** Aim of the task **
Copy each line of the records that includes "blue".

** Data supplied **

------------------------

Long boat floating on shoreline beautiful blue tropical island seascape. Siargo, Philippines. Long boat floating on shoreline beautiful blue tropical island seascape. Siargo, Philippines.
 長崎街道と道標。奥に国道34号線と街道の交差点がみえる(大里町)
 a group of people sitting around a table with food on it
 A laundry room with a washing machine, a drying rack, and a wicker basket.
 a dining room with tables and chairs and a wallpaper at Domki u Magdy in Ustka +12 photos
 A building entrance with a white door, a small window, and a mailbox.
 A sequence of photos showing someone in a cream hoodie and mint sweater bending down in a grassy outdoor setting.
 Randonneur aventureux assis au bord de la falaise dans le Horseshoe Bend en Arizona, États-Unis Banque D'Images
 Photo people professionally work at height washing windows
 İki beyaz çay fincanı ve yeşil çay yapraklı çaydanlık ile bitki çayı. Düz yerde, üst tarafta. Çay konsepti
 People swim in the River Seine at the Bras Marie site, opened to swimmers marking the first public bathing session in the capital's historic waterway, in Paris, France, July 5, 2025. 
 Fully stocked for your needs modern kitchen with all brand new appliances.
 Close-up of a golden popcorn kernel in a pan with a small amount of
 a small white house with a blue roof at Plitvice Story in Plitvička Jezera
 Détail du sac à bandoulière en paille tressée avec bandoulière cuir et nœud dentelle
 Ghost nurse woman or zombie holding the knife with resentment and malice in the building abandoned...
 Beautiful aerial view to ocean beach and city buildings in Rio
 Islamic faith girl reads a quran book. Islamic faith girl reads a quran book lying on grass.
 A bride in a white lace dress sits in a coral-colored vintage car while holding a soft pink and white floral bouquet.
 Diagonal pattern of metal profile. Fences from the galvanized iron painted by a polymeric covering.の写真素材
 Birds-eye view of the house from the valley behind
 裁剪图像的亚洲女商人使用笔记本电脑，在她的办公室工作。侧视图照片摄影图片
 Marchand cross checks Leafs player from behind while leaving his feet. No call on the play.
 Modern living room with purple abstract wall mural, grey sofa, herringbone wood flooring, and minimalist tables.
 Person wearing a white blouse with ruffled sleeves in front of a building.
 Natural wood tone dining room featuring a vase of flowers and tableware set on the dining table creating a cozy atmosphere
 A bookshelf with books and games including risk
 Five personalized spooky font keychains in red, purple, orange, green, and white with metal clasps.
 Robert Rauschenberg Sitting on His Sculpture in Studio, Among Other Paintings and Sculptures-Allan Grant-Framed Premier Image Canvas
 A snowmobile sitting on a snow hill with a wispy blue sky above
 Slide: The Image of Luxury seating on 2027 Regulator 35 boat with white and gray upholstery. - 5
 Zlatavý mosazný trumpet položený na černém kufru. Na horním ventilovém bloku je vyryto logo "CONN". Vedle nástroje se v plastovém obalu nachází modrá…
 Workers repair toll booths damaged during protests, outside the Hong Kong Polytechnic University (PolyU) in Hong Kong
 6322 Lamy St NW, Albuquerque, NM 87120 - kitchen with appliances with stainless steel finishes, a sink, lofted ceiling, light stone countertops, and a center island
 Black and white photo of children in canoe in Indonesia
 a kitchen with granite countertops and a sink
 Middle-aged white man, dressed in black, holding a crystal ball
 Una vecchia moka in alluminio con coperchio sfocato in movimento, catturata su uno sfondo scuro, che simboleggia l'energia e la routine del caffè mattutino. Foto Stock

------------------------

** Solution to this exercise **
Long boat floating on shoreline beautiful blue tropical island seascape. Siargo, Philippines. Long boat floating on shoreline beautiful blue tropical island seascape. Siargo, Philippines.
 a small white house with a blue roof at Plitvice Story in Plitvička Jezera
 A snowmobile sitting on a snow hill with a wispy blue sky above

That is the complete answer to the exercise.